Thread: Allow continuations in "pg_hba.conf" files

Allow continuations in "pg_hba.conf" files

From

Fabien COELHO

Date:

25 March 2020, 18:09:38

Hello,

After writing an unreadable and stupidly long line for ldap 
authentification in a "pg_hba.conf" file, I figured out that allowing 
continuations looked simple enough and should just be done.

Patch attached.

-- 
Fabien.

Attachment

pg-hba-cont-1.patch

Re: Allow continuations in "pg_hba.conf" files

From

Justin Pryzby

Date:

25 March 2020, 19:39:23

Hi,

On Wed, Mar 25, 2020 at 07:09:38PM +0100, Fabien COELHO wrote:
> 
> Hello,
> 
> After writing an unreadable and stupidly long line for ldap authentification
> in a "pg_hba.conf" file, I figured out that allowing continuations looked
> simple enough and should just be done.

I tried this briefly.

> -   Records cannot be continued across lines.
> +   Records can be backslash-continued across lines.

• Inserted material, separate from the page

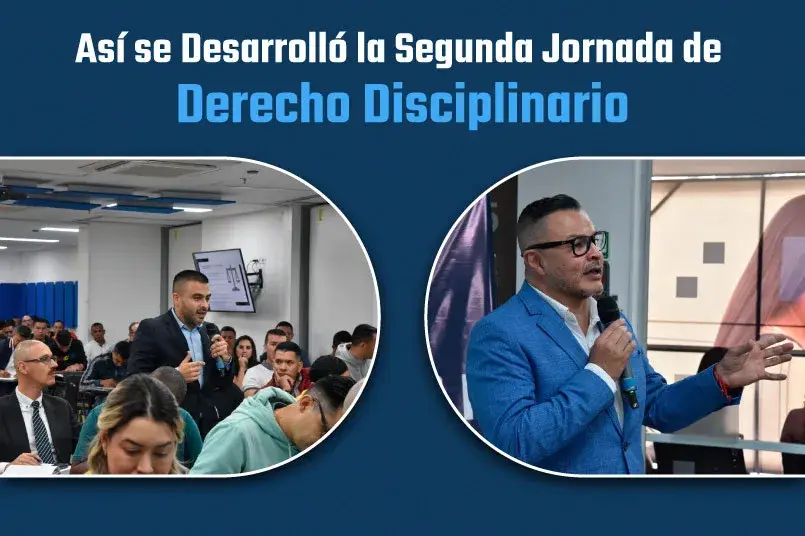 Politécnico Grancolombiano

Maybe say: "lines ending with a backslash are logically continued on the next
line", or similar.

> +            /* else we have a continuation, just blank it and loop */
> +            continuations++;
> +            *curend++ = ' ';

Since it puts a blank there, it creates a "word" boundary, which I gather
worked for your use case.  But I wonder whether it's needed to add a space (or
otherwise, document that lines cannot be split beween words?).

You might compare this behavior with that of makefiles (or find a better
example) which I happen to recall *don't* add a space; if you want that, you
have to end the line with: " \" not just "\".

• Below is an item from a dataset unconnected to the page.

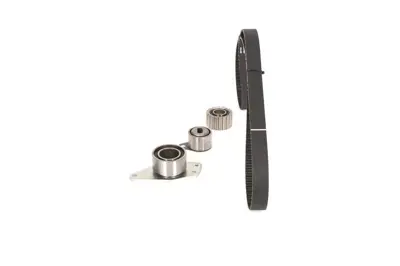 BOSCH 1987948995 Triger Kayis Seti Renault Laguna I 97>01 Megane I 01>03 Scenic 99>03 Volvo S 40 I 99>00 V 40 99>01 1.9 Dti 1.9 Dci 7701471865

Anyway, I checked that the current patch handles users split across lines, like:
alice,\
bob,\
carol

As written, that depends on the parser's behavior of ignoring commas and
blanks, since it sees:
"alice,[SPACE]bob,[SPACE]carol"

Maybe it'd be nice to avoid depending on that.

I tried with a username called "alice,bob", split across lines:

"alice,\
bob",\

But then your patch makes it look for a user called "alice, bob" (with a
space).  I realize that's not a compelling argument :)

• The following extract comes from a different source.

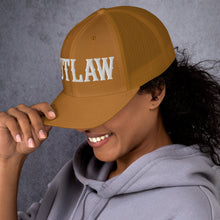 Carica l'immagine nel visualizzatore di Gallery, Product mockup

Note, that also appears to affect the "username maps" file.  So mention in that
chapter, too.
https://www.postgresql.org/docs/current/auth-username-maps.html

Cheers,
-- 
Justin

Re: Allow continuations in "pg_hba.conf" files

From

Fabien COELHO

Date:

25 March 2020, 20:45:40

Hello Justin,

thanks for the feedback.

>> -   Records cannot be continued across lines.
>> +   Records can be backslash-continued across lines.
>
> Maybe say: "lines ending with a backslash are logically continued on the next
> line", or similar.

I tried to change it along that.

> Since it puts a blank there, it creates a "word" boundary, which I gather
> worked for your use case.  But I wonder whether it's needed to add a space (or
> otherwise, document that lines cannot be split beween words?).

Hmmm. Ok, you are right. I hesitated while doing it. I removed the char 
instead, so that it does not add a word break.

> Note, that also appears to affect the "username maps" file.  So mention 
> in that chapter, too. 
> https://www.postgresql.org/docs/current/auth-username-maps.html

Indeed, the same tokenizer is used. I updated a sentence to point on 
continuations.

-- 
Fabien.

Attachment

pg-hba-cont-2.patch

Re: Allow continuations in "pg_hba.conf" files

From

David Zhang

Date:

02 April 2020, 00:20:12

Hi Fabien,
Should we consider the case "\ ", i.e. one or more spaces after the backslash?
For example, if I replace a user map 
"mymap   /^(.*)@mydomain\.com$      \1" with 
"mymap   /^(.*)@mydomain\.com$      \ "
"\1"
by adding one extra space after the backslash, then I got the pg_role="\\"
but I think what we expect is pg_role="\\1"

Re: Allow continuations in "pg_hba.conf" files

From

Kyotaro Horiguchi

Date:

02 April 2020, 04:25:43

At Thu, 02 Apr 2020 00:20:12 +0000, David Zhang <david.zhang@highgo.ca> wrote in 
> Hi Fabien,
> Should we consider the case "\ ", i.e. one or more spaces after the backslash?
> For example, if I replace a user map 
> "mymap   /^(.*)@mydomain\.com$      \1" with 
> "mymap   /^(.*)@mydomain\.com$      \ "
> "\1"
> by adding one extra space after the backslash, then I got the pg_role="\\"
> but I think what we expect is pg_role="\\1"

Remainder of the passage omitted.